Questa condizione di donna-schiava, che si perpetua a dispetto della donna-costola dell’uomo solo quando ci sono le Giornate Mondiali e possibilità di lucrare, non ci fa sentire al sicuro, ci fa sentire in un mondo di ipocriti. Questi simboli sono importanti in quanto immediati, ma c’è bisogno di azioni concrete, di tutela effettiva delle categorie a rischio, e delle donne che denunciano i propri aggressori/persecutori. Nella normalissima consapevolezza che la vita di una donna non conti più della vita di un’altra persona di qualsiasi genere e non, usiamo ‘’femminicidio’’, solo per una questione di incidenza più elevata, sintomo di una società e di un sistema patriarcale o comunque malato, di cui non dobbiamo più essere complici. Il rapporto Eures traccia l’identikit degli autori di femminicidi: in oltre nove casi su dieci sono uomini.

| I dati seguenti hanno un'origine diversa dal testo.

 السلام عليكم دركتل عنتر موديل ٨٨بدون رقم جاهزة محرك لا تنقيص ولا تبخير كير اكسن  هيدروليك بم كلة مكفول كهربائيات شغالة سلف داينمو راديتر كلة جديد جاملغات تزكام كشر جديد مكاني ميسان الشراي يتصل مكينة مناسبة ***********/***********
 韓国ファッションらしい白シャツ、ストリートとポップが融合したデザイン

Tra le tante organizzazioni no-profit degne di nota vorrei ricordare ”DONNEXSTRADA”, che accompagna in videochiamata le donne che rincasano da sole. Certo, l’obiettivo un domani sarà quello di tornare a casa senza doversi girare continuamente indietro, ma per il momento, urge fare rete ed educare. A livello europeo – come ricorda la stessa organizzazione – lo strumento più importante è la Convenzione di Istanbul, che prevede norme giuridiche vincolanti per la prevenzione della violenza, la protezione delle vittime e la persecuzione dei perpetratori. Non ci sono definizioni o regole condivise che consentano un’azione europea comune ed efficace, però, in Italia il 5 maggio Camera e Senato hanno votato una legge sulle statistiche in tema di violenza di genere. L’Istat collaborerà con i ministeri delle Pari opportunità, della Giustizia, dell’Interno e della Salute e con i centri antiviolenza e le case rifugio, per generare un flusso informativo che mancava.

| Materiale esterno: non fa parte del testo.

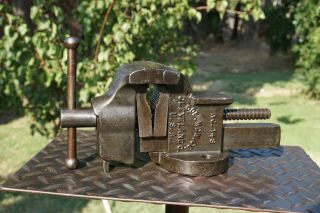 Vintage COLUMBIAN No.  143 Bench Anvil Vise With Pipe Grips,  3  Jaws,  Circa 1930 ' s 3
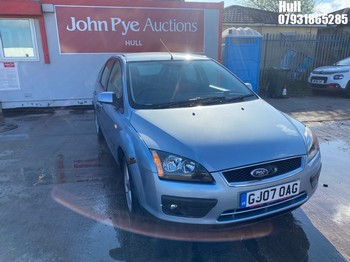 Location: Hull - 2007 FORD FOCUS ZETEC CLIMATE T 5 Door Hatchback REG: GJ07OAG, Keys: No, MOT Expiry date: 08/04/2025, 1596 Petrol, 5 Speed Manual Petrol, Former Keepers: 12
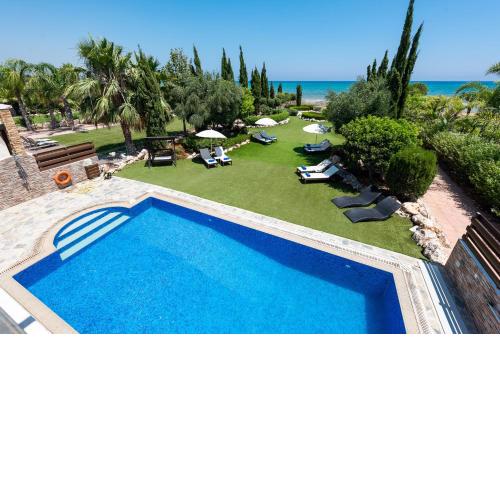 Sea Front Oceanus H3 by Ezoria Villas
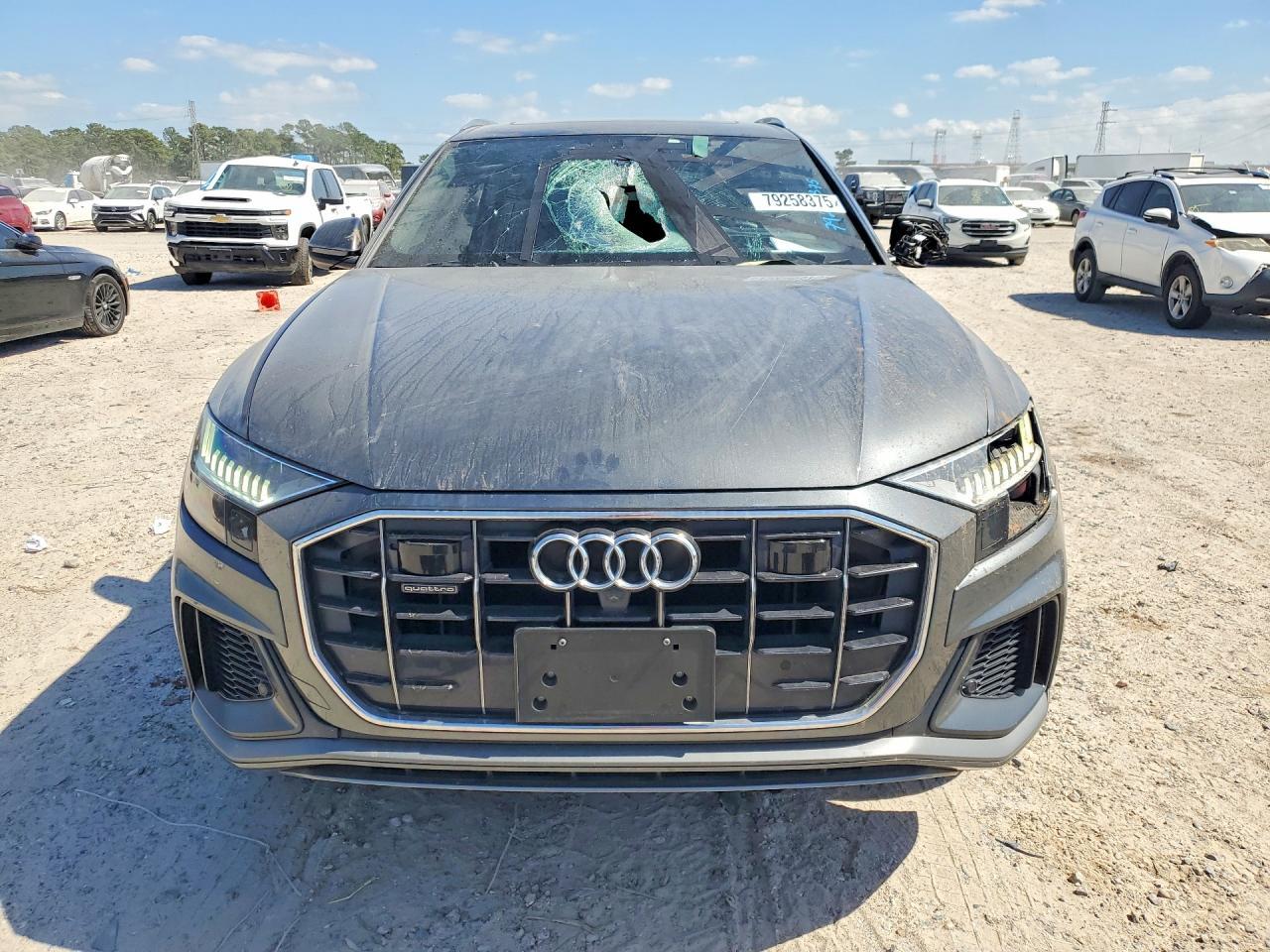 2021 AUDI Q8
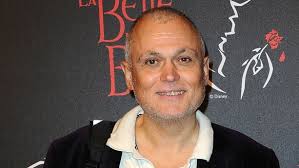 Richard Cross : l'ex-coach vocal de la "Star Academy" raconte son combat  contre le sida | TF1 INFO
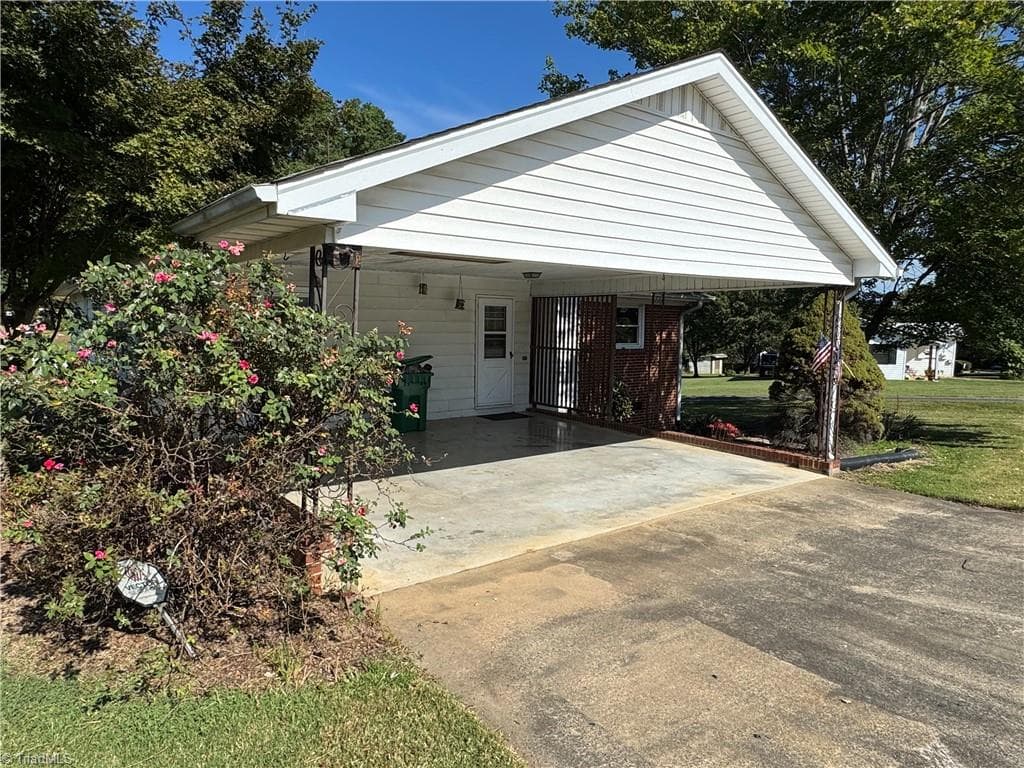 Stick/Site Built at 200 W King Street, King NC 27021, King, photo 33 of 92
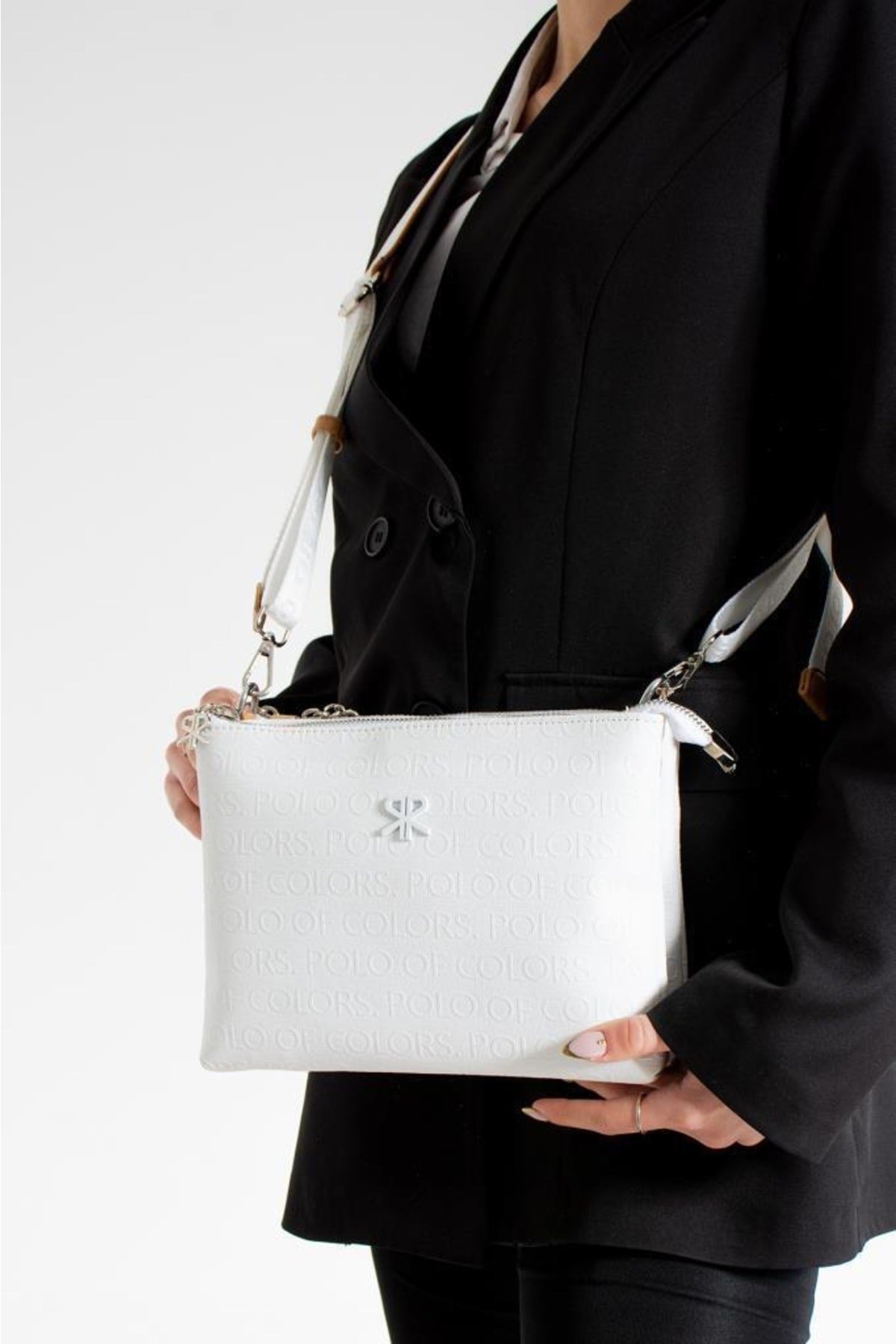 Ceni Beyaz Kamel Çok Gözlü Kadın Omuz Ve Çapraz Çantası 18x25 Ebatında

In ”Stai zitta”, Michela Murgia scrive: «Di tutte le cose che le donne possono fare nel mondo, parlare è ancora considerata la piú sovversiva». Non c’è niente di più vero. Parlare è sovversivo, è la nostra arma, un’arma pura, è l’unica possibilità che abbiamo e l’unica possibilità che probabilmente adotteremmo. La violenza genera violenza. Parliamo. Il potere della parola è largamente sottovalutato. Eppure le parole possono uccidere, possono ferire… ma rischiano, per fortuna, anche di salvare e salvarci.